Migrating Neo4J Python apps on Heroku

Okay this is quite specialised by the four or five of you who will have the same problem I wanted to save you some time and suffering.

So Neo Technologies have been incubating a plugin of their excellent graph database on Heroku for a while. So far the plugin was only available in beta but now anyone can have it. This is excellent news and I would recommend it as a way of getting starting with graph-based web programming. However if you were in the beta program then you now need to migrate from the beta plugin to the new one.

The instructions that went out to the beta program implied that this was simply a case of dumping a backup zip, switching out plugins and then uploading your zip. Well the good news is that exporting and importing the zips works exactly as advertised but the bad news is that the two plugins are quite different in terms of the environment they expose. The beta plugin had an extensive list of variables that exposed the various parts of your hosted environment.
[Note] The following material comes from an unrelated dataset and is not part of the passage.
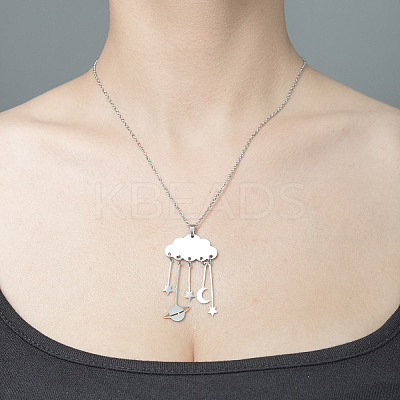 Non-Tarnish 201 Stainless Steel Cloud with Planet Pendant Necklace NJEW-OY001-60-1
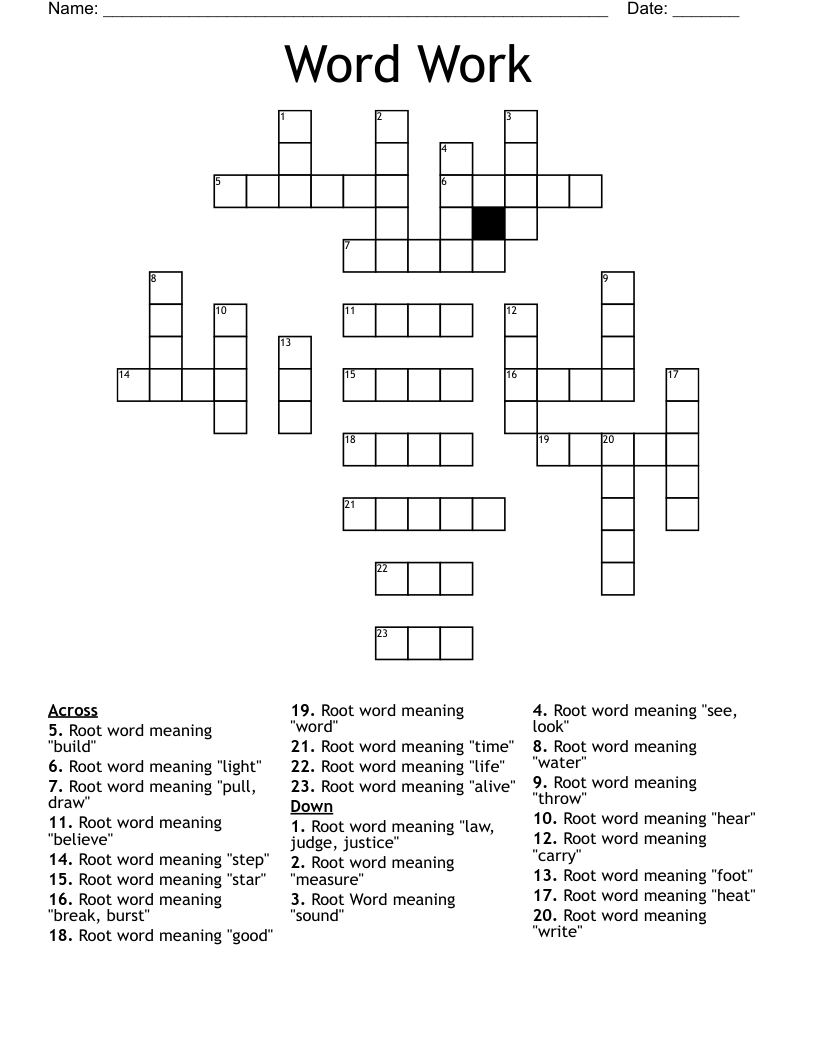 Word Work Crossword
The new one just exposes the variable NEO4J_URL which is a url to the server and contains an embedded username and password.

Now the new variable does actually encode all the information that the original manifest did but in a very limited way and your library is going to have to work quite hard to correctly construct the base urls and requests required to access the REST API. I’m not sure which libraries do do it (I presume the Java ones) but neither of the Python ones do.

I’m going to describe what you need to do for the neo4j-rest-client which is the one I use in my apps but it will probably be similar for py2neo which is what you might want to use if you want to use a lot of Cypher.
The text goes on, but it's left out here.